毎回、もっと気力充実してから出発したいと思うけれども、
そうやって待っていても気力はとくに充実しないのであって、
まだそのときじゃないのかな、と思ったときが実は潮時である。
条件が整い、気力が高まってから行動しようと思っていたら、
いつまでたっても人生何も起こらないのだ。
それよりとにかく何でもいいから出発してしまって、
それから決心を固めていくほうが早い」
わたしが12月に予定している旅行について
ためらっているから この文章を引用したわけではない。
よく「旅行は準備をしているときがいちばんたのしい」なんてきくけど、
優等生すぎる発想におもえ、すこしちがったことをいいたくなってきた。
自分があれほどのぞんでいた旅行でも、
いろんなことがはっきりするまでの期間は たしかにめんどくさい。
宮田さんのべつの本、『だいたい四国八十八カ所』(本の雑誌社)には
こんな記述がある。
「なんのために、なんて考えていると、
旅はいつまでたっても始まらない。
意味を考える前に計画を立て、結論が出る前に出発してしまう。
これが大切である」
「めんどくさい」ということばはつかっていないけれど、
旅をはじめられないのは「めんどくさい」からなので、
旅だちへのぐずつきは、すべて「めんどくさい」問題がからんでいる。
そんなにめんどくさいのは、ほんとうはやりたくないからだろう、
というひとへの反論は
「何事もやってからだんだん面白くなるのであって、
やる前はどんなことでも面倒くさいに決っている」
と宮田さんはあんがい頑固だ。
宮田さんは、「かんがえる」ことについても
根源的な疑問をかんじているようにみえる。
「結論が出る前に出発してしまう」
これが、あんがいふかい。
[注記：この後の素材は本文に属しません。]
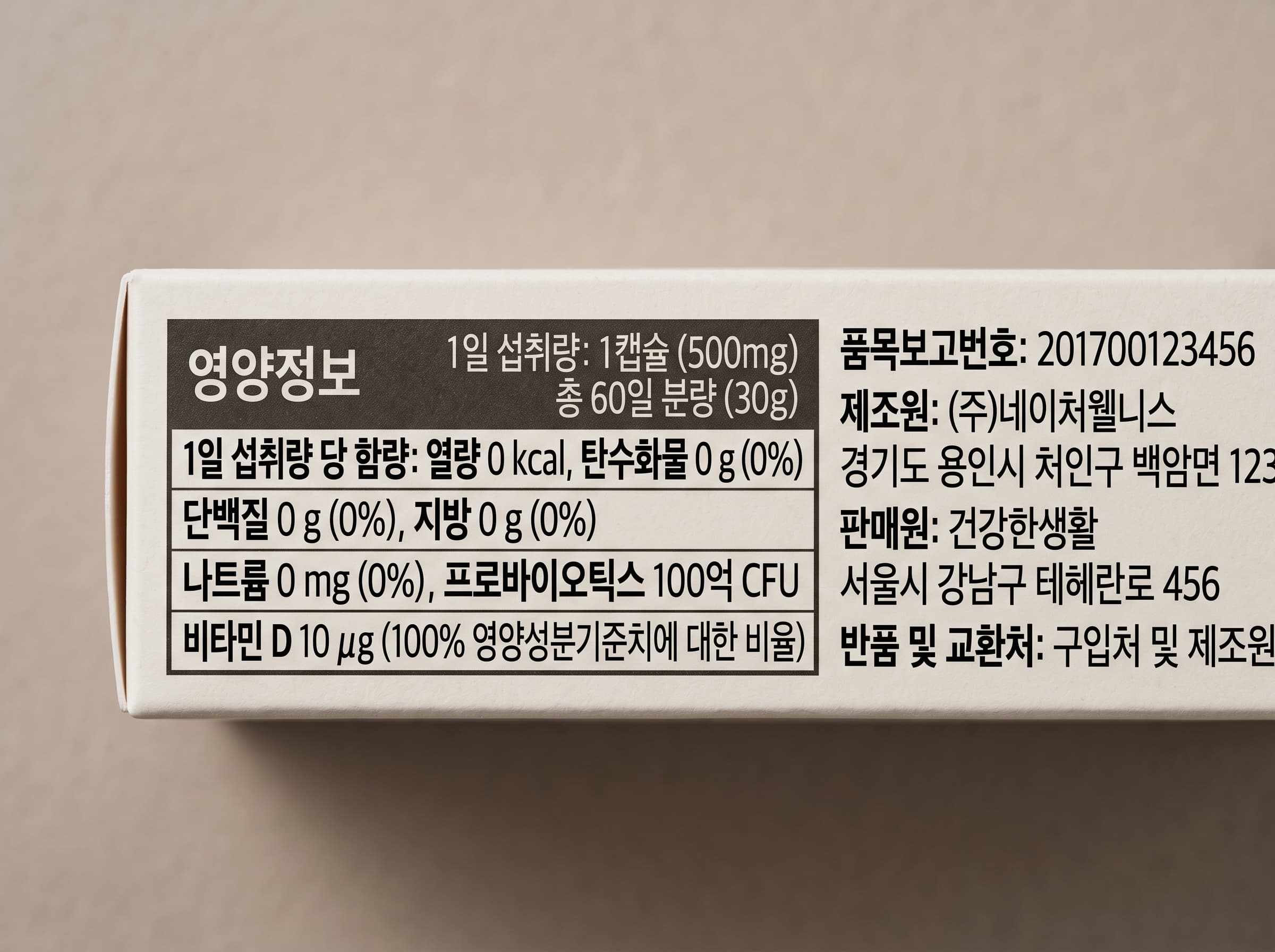 건강기능식품 단상자 뒷면의 품목보고번호와 한글표시사항을 확인하는 모습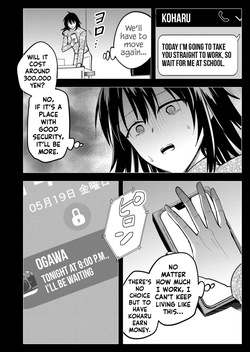 [Nakao] Kimi no Mae de Kimi Igai o Daku Ch. 36 | Having Sex with Someone Else in Front of You 36 [English] page 9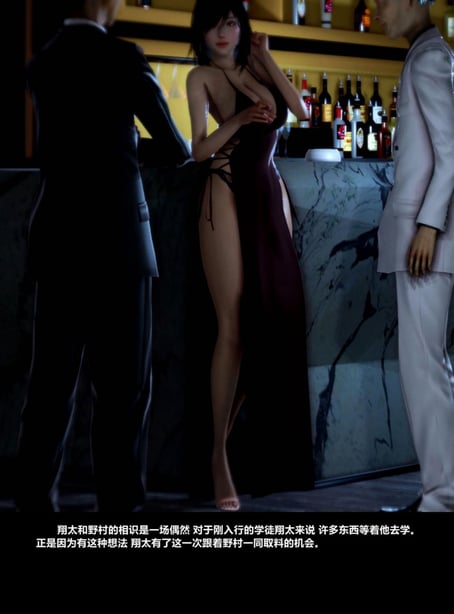 [A轮] 狩猎者日记 X 野村-在线ACG，视频动画，漫画，动漫，绅士游戏，3D漫画，福利图片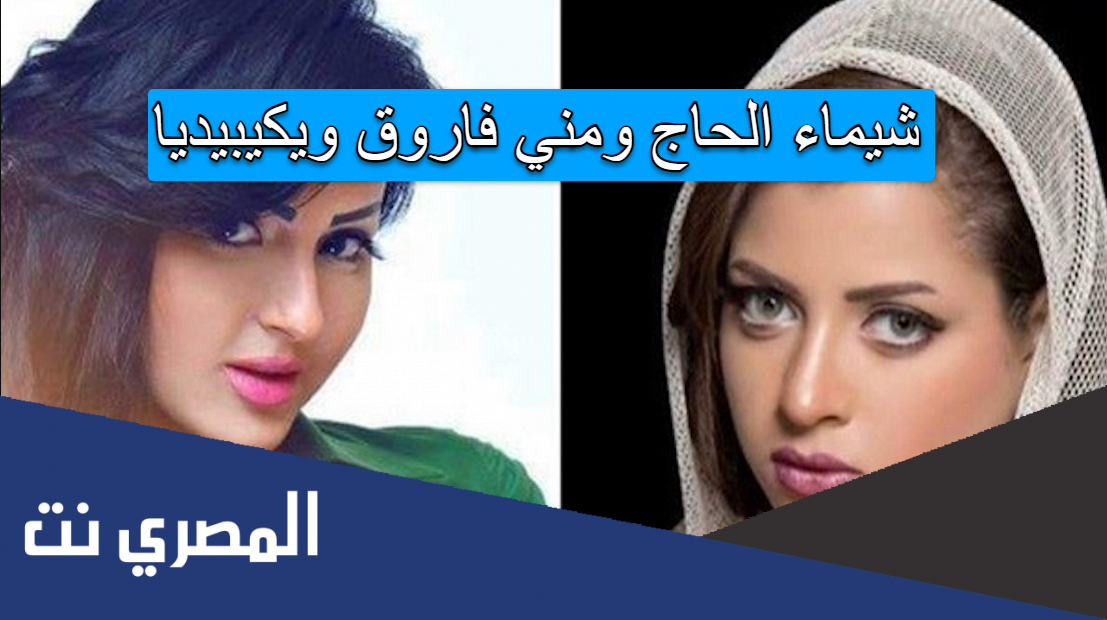 شيماء الحاج ومني فاروق ويكيبيديا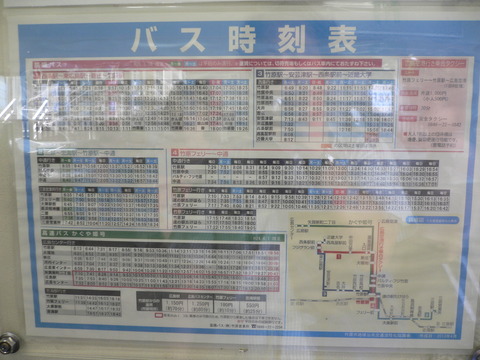 P1010145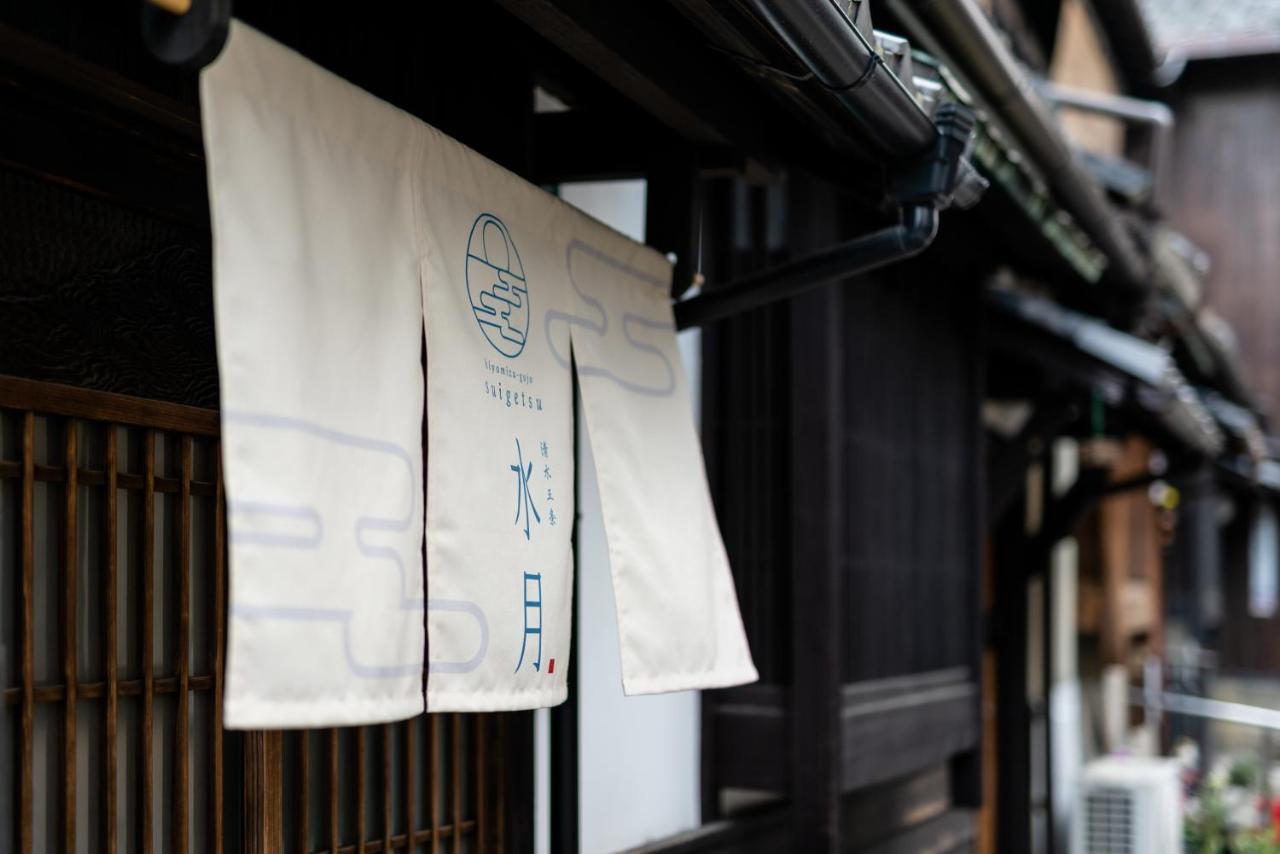Willa Suigetsu Machiya House Kioto Zewnętrze zdjęcie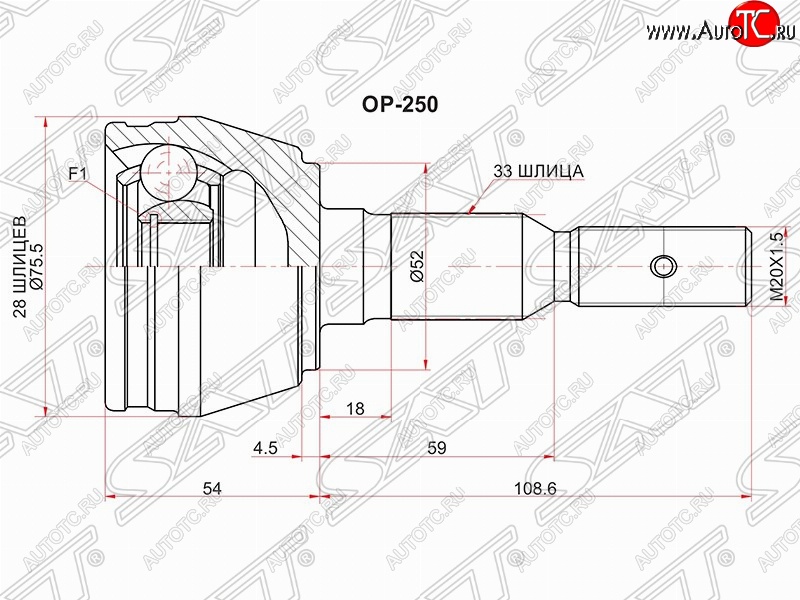 1 769 р. Шрус (наружный) SAT (28*33*52 мм, 2,0)  Opel Astra  G (1998-2005), Subaru Impreza  GD (2000-2002)  с доставкой в г. Омск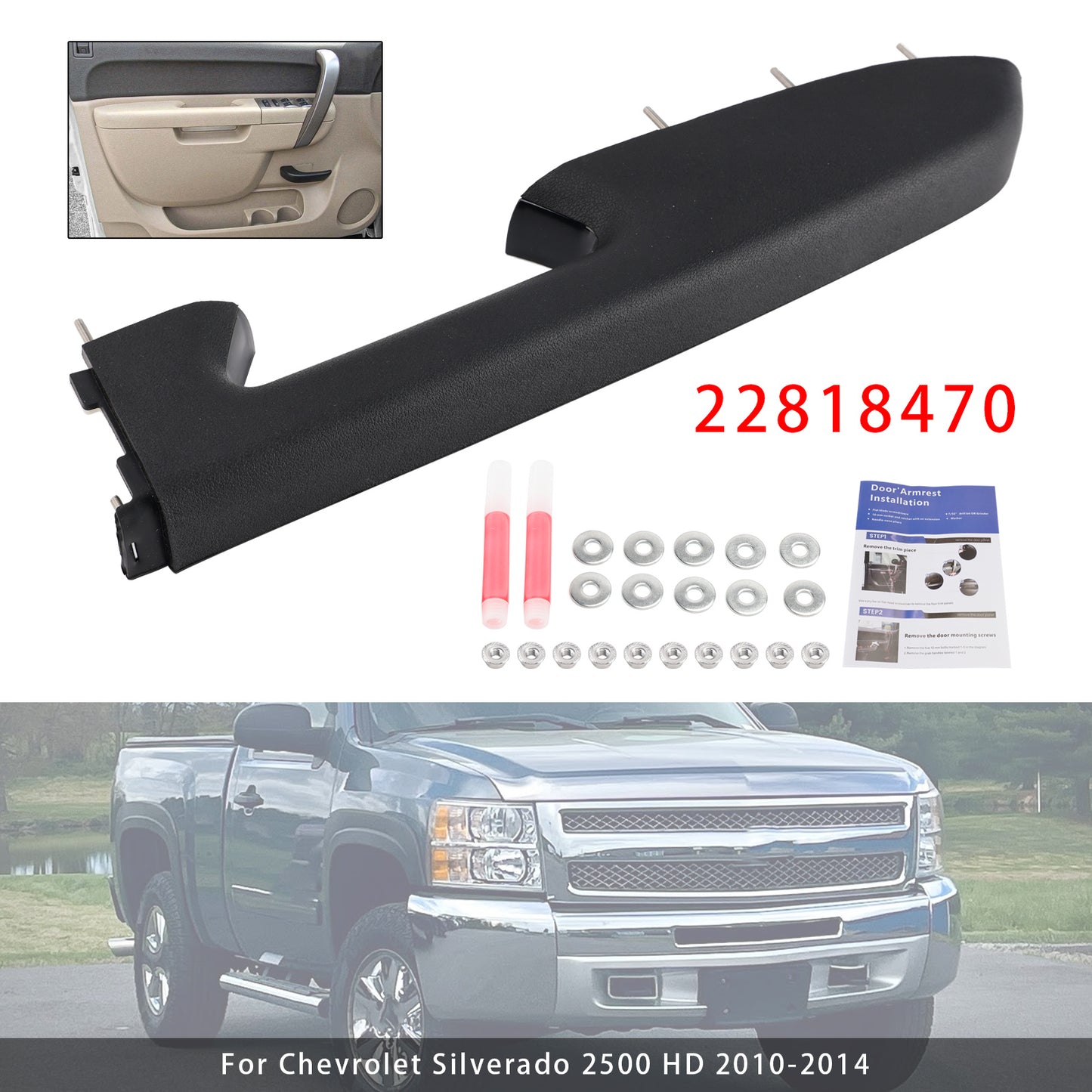 2010-2014 Chevy Silverado 1500 2500HD 3500HD Black 22818470 Front Right Armrest Repair Kit Fit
かんがえない。かんがえると うごけなくなる。
よりよく実行するためにかんがえをかさね、ふかめるのだろうけど、
かんがえたあげくに「やーめた」になってはぜんぜん意味がない。
そんなことなら、とにかく出発したほうがよっぽどましなわけで、
きめることと かんがえることは、なにも関係ないばかりか、
むしろかんがないほうがうまくいく例を、宮田さんはたくさん体験してきているのだろう。
「かんがえる」ことは、かなり用心してかかったほうがいい。
それにしても、いったいなぜ「めんどくさい」とおもってしまうのだろう。
めんどくさがる心理とは、いったいなにか。
宮田がいわれるように「面倒くさいは、性欲、睡眠欲とならんで
人間の三大欲望のひとつ」(11月17日のブログ参照)
がほんとうなら、めんどくささの説明なんてできっこないことになる。
ねむたいのに理由がないとおなじで、
めんどくささにも理由なんてないのだ、基本的な欲求だから。
『だいたい四国八十八カ所』には、もうひとつおそるべき発言がある。
「何事も最後までやり抜くよりも、
途中でサボるほうが難しく、
ステージの高い行為だということがわかる。
なぜなら、やり抜くのは惰性であって、
サボるのは決断だからだ」
そんなことをいわれると、だれだってさぼりたくなる。
「途中でサボる」は「途中でやめる」とおなじ意味なのだろうか。
かんがえはじめると、ブログをつづけてかくのが惰性におもえてくるから
こういうささやきには耳をかさないほうがいい。